Neurons, the fundamental building blocks of the brain, communicate through electrical signals, and understanding how they produce complex brain functions like memory requires tracking their voltage changes on the timescale of milliseconds. A team of MIT researchers, led by Jie Zhang, a postdoctoral scholar in The Picower Institute for Learning and Memory lab of Sherman Fairchild Professor Matt Wilson, has developed a novel image sensor that substantially improves the ability to capture these subtle voltage fluctuations.
The new invention, described in a recent paper published in Nature Communications, is a unique take on the standard “CMOS” technology used in scientific imaging. Unlike the conventional approach, where all pixels turn on and off simultaneously, the new chip allows for individual control of each pixel’s timing. This arrangement provides the best of both worlds, enabling neighboring pixels to complement each other by capturing all available light without compromising speed.
Capturing Single-Spike Resolution for Decoding Brain Processes
In experiments outlined in the study, Zhang and Wilson’s team demonstrates how “pixelwise” programmability allowed them to improve the visualization of neural voltage “spikes”—the signals neurons use to communicate with each other—and even the more subtle, momentary voltage fluctuations that occur between spiking events.
“Measuring with single-spike resolution is really important as part of our research approach,” said senior author Wilson, a Professor in MIT’s Departments of Biology and Brain and Cognitive Sciences (BCS), whose lab studies how the brain encodes and refines spatial memories both during wakeful exploration and during sleep. “Thinking about the encoding processes within the brain, single spikes and the timing of those spikes is important in understanding how the brain processes information.”
Overcoming Limitations of Conventional CMOS Image Sensors
While genetically encoded voltage indicators (GEVIs) have been developed to make cells glow as their voltage changes in real-time, Zhang and Wilson found that conventional CMOS image sensors were missing a lot of the action. If they operated too fast, they wouldn’t gather enough light, and if they operated too slow, they’d miss rapid changes.

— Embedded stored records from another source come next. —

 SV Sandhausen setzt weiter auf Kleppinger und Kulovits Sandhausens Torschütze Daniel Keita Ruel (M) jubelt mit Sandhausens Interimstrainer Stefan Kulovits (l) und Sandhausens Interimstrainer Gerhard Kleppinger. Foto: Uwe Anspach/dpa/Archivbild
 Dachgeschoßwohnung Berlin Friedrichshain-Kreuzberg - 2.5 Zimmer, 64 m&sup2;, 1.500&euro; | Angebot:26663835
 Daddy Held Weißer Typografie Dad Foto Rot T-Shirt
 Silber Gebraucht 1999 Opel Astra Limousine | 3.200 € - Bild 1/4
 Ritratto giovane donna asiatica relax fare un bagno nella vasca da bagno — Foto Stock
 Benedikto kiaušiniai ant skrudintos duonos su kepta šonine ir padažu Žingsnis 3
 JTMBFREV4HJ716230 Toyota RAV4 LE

Recognizing that there was resolution to spare, Zhang applied his expertise in sensor design to invent an image sensor chip that would enable neighboring pixels to each have their own timing. Faster ones could capture rapid changes, while slower-working ones could gather more light, ensuring that no action or photons would be missed. Zhang also cleverly engineered the required control electronics to barely cut into the space available for light-sensitive elements on a pixel, ensuring the sensor’s high sensitivity under low light conditions.
The researchers demonstrated two ways in which the chip improved imaging of voltage activity of mouse hippocampus neurons cultured in a dish, running their sensor head-to-head against an industry standard scientific CMOS image sensor chip. The experiments showed that the pixelwise chip detected neural spiking activities that the conventional sensor missed and better matched the electrical readings made with a traditional patch clamp electrode. Furthermore, the pixelwise chip was able to capture both fast spiking and slower subthreshold changes by varying the exposure durations of neighboring pixels.
While the experiments with small clusters of neurons in a dish were only a proof-of-concept, Wilson said his lab’s ultimate goal is to conduct brain-wide, real-time measurements of activity in distinct types of neurons in animals even as they are freely moving about and learning how to navigate mazes. The development of GEVIs and image sensors like the pixelwise chip that can successfully take advantage of what they show is crucial to making that goal feasible.
“That’s the idea of everything we want to put together: large-scale voltage imaging of genetically tagged neurons in freely behaving animals,” Wilson said.
To achieve this, Zhang added, “We are already working on the next iteration of chips with lower noise, higher pixel counts, time-resolution of multiple kHz, and small form factors for imaging in freely behaving animals.”
The research, advancing pixel by pixel, is paving the way for groundbreaking insights into how the brain functions and processes information.